*What to do*
Leaving every picture out, repeat all of the entries below exactly.

*Record extracts*
* * *

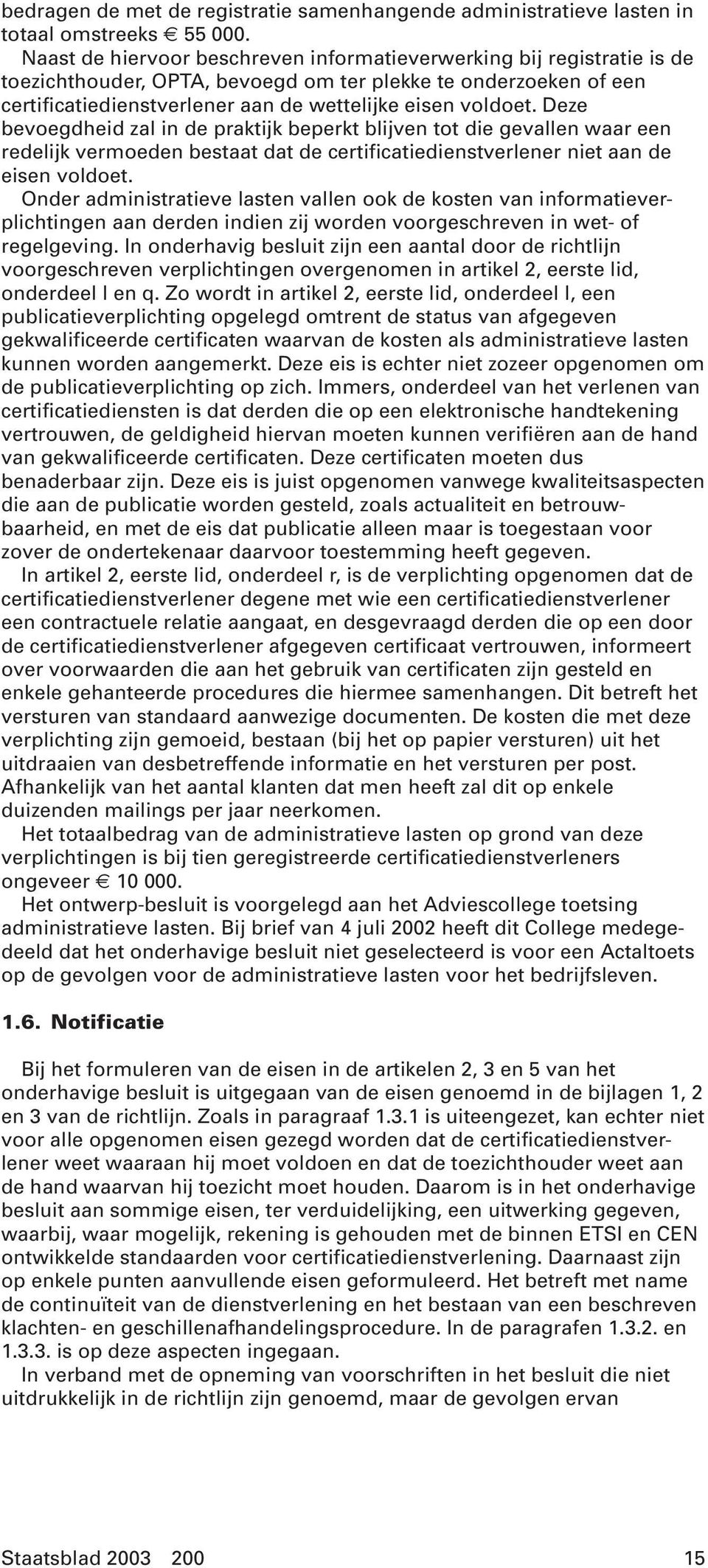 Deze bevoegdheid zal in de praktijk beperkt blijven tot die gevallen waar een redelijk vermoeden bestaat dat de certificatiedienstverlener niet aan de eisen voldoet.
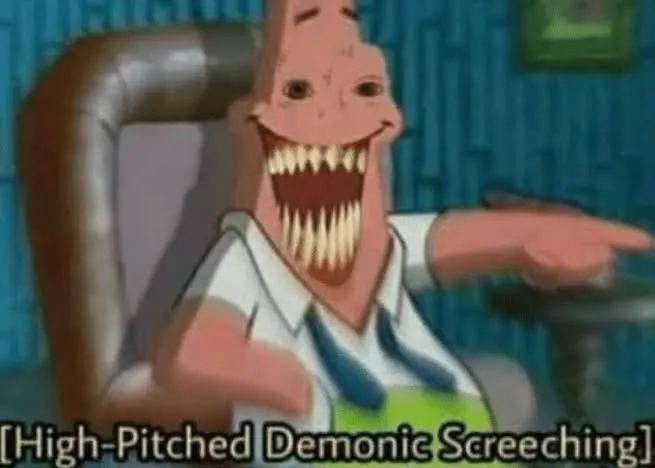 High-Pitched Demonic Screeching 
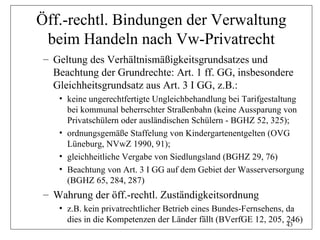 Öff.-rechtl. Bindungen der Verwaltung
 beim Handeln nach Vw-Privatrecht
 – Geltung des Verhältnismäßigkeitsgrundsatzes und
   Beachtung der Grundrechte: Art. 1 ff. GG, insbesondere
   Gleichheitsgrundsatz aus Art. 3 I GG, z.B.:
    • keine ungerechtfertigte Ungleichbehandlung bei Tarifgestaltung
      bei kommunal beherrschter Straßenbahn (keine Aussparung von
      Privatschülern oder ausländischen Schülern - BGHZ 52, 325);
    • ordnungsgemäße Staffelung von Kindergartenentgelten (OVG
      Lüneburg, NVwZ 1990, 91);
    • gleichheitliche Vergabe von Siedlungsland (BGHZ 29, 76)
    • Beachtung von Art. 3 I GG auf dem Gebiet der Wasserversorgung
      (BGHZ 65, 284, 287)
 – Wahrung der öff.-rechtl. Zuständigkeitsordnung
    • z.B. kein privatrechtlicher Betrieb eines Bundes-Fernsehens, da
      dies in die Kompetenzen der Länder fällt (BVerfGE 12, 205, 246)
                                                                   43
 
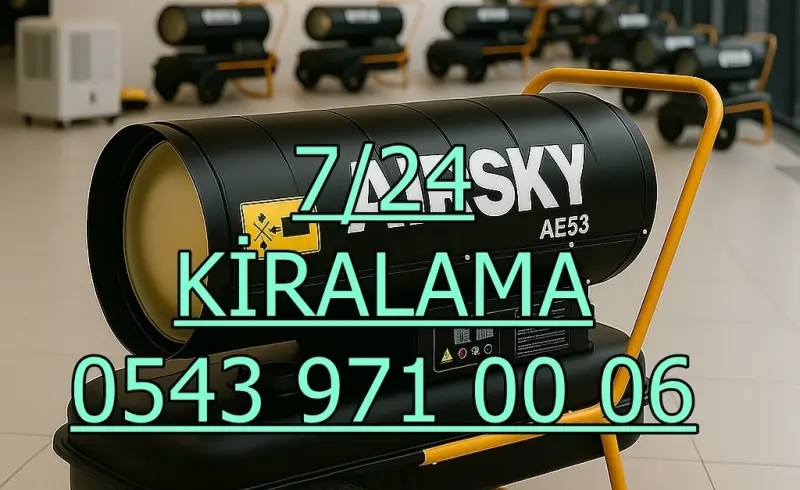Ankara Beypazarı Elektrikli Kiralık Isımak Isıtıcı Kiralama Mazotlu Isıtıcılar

* * *

*Your response*
 Deze bevoegdheid zal in de praktijk beperkt blijven tot die gevallen waar een redelijk vermoeden bestaat dat de certificatiedienstverlener niet aan de eisen voldoet.
 High-Pitched Demonic Screeching 
 Öff.-rechtl. Bindungen der Verwaltung
 beim Handeln nach Vw-Privatrecht
 – Geltung des Verhältnismäßigkeitsgrundsatzes und
   Beachtung der Grundrechte: Art. 1 ff. GG, insbesondere
   Gleichheitsgrundsatz aus Art. 3 I GG, z.B.:
    • keine ungerechtfertigte Ungleichbehandlung bei Tarifgestaltung
      bei kommunal beherrschter Straßenbahn (keine Aussparung von
      Privatschülern oder ausländischen Schülern - BGHZ 52, 325);
    • ordnungsgemäße Staffelung von Kindergartenentgelten (OVG
      Lüneburg, NVwZ 1990, 91);
    • gleichheitliche Vergabe von Siedlungsland (BGHZ 29, 76)
    • Beachtung von Art. 3 I GG auf dem Gebiet der Wasserversorgung
      (BGHZ 65, 284, 287)
 – Wahrung der öff.-rechtl. Zuständigkeitsordnung
    • z.B. kein privatrechtlicher Betrieb eines Bundes-Fernsehens, da
      dies in die Kompetenzen der Länder fällt (BVerfGE 12, 205, 246)
                                                                   43
 
Ankara Beypazarı Elektrikli Kiralık Isımak Isıtıcı Kiralama Mazotlu Isıtıcılar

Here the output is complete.